Uncle Acid and the deadbeats are Kevin K.R. Starrs (aka Uncle Acid) on lead guitar, vocals, and organ; Dean Millar on bass; Itamar Rubinger on drums; and Yotam Rubinger on guitar and backing vocals. Manson once said, “In my mind’s eye my thoughts light fires in your cities,” and while Uncle Acid and the deadbeats aren’t likely to set any cites aflame with rock’n’roll, they will sonically trepan you and fill that nice new hole in your skull with some of the darkest and grooviest sounds since The Amboy Dukes’ “Journey to the Center of Your Mind.”

Take the simultaneously lovely and chilling “Follow The Leader,” a 6:29 slow drone that echoes and throbs with reverb and feedback. One guitar plays the big burbling drone while a shaker provides percussion and another guitar plays over the drone, going from simple strumming to some far-freaking-out psychedelia as the song commences. Meanwhile Starrs sings, “Tricky time is upon us/We tried but they didn’t want us/You are the chosen few/Time is here you know what to do.”

Or the mid-tempo “Death Valley Blues,” with its alternating quiet and short, crushingly loud passages, during the latter of which Starrs sings, “Always in thought control/Like bullet holes/You’re mine to control.” And which ends in a barrage of guitars over which Starrs repeats, “Let’s hide out in Death Valley,” which is where the Manson Family skedaddled after things got too hot at the Spahn Movie Ranch, and where Manson was ultimately discovered by law enforcement officers—and you’ve to hand it to Charlie, he was one flexible little hippie—squeezed into a tiny cabinet beneath the kitchen sink of remote Manson hideout, Barker Ranch.

As for LP opener “Mt. Abraxas,” I did some research and there is no such place. Rather, the good Uncle Acid borrowed the “Abraxas” from legendary occultist and anal sex aficionado Aleister (aka The Beast, The Wickedest Man in the World) Crowley’s Gnostic Mass (e.g., “IO IO IO IAO SABAO KURIE ABRASAX KURIE MEITHRAS KURIE PHALLE,” which roughly translated means “Everybody have fun tonight, everybody Wang Chung tonight”). Anyway, “Mt. Abraxas” is one heavy as Helter Skelter dirge, and features pounding drums, earthmover-heavy guitars, and very cool vocals by Starrs, who repeats, “They don’t know/They don’t know/There’s nothing up there at all.” Well of course there isn’t. The place doesn’t exist. As for the song’s second half, it’s one long barbaric, pile-driver slog.

“Mind Crawler” is the album’s primo cut, a V2 that comes roaring straight out of the silo and hits you right atop your pointy little head. Featuring Stooges piano and some unrelenting guitar pummel, “Mind Crawler” has Starrs coming down from Mt.
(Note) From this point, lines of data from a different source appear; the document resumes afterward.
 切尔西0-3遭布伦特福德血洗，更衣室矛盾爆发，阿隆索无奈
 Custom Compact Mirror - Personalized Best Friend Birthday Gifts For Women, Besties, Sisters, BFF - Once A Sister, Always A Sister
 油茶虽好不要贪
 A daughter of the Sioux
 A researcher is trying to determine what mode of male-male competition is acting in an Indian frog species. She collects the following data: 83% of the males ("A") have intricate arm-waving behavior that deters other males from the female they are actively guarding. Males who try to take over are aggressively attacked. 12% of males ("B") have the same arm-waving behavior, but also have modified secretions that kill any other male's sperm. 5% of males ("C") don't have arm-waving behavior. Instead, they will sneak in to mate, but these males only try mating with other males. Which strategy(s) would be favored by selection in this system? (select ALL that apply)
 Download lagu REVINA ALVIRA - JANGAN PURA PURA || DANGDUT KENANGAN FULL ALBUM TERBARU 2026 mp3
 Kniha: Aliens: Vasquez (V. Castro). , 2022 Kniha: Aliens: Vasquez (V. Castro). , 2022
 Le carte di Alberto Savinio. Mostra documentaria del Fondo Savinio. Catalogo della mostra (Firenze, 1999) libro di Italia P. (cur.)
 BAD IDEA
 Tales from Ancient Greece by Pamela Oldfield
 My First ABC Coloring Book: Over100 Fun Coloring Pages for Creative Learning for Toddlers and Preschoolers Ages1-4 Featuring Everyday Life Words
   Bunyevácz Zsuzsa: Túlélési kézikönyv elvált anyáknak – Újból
Abraxas, a prophet of evil with bloody hands, to sing, “I wanna know/I wanna know/Just what you could do/And would you die for me too?” And be careful, he warns, “Because I might go mind crawling on you.”

“Valley of the Dolls,” on the other hand, is the only track I’m not thrilled by, despite its monstrous guitar riffs, cool guitar solo, and ear-drum-fracturing barrage of humongous power chords at the end. The problem with “Valley of the Dolls”—the title taken, of course, from the 1967 film about female up-and-comers hooked on downers co-starring a radiant Sharon Tate, which was re-released after her murder—is two-fold; one, its melody is so-so and two, the chorus, which consists of too-frequent repetitions of the song title, leaves me cold. That said, it was a cool idea to include it, although I’d have skipped Valley of the Dolls for 1966’s Eye of the Devil (“This is the climax in mind-chilling terror!”) in which Tate also played a role.

“Evil Love” is one super-cool, high-velocity thrill-fest of a song, featuring lots of heavy staccato riffing leading to a mind-blowing solo. Meanwhile Starrs sings, “You gave me drugs and lies/And programmed my mind/Now I’m a killer that they won’t find,” and shuts things down with the words, “You need our love/Our evil love/You’re here/To our programme.” “Desert Ceremony,” on the other hand, is one non-stop blast of heavy guitars that definitely want to kill your mama, and your pappa too while they’re at it, and listening to it you’ll want to take cover in Manson’s long-sought “bottomless pit” (where he intended to wait out the apocalyptic war between blacks and whites) as this one blows gaping holes in your woofers and causes the neighbors to squeal in horrified outrage. And speaking of the apocalypse, Starrs sings, “Out on the dusty desert wind/The ceremony will begin/And when the light comes round the bend/We know the Earth will meet its end” as a guitar commences a solo that might as well be the trump of doom.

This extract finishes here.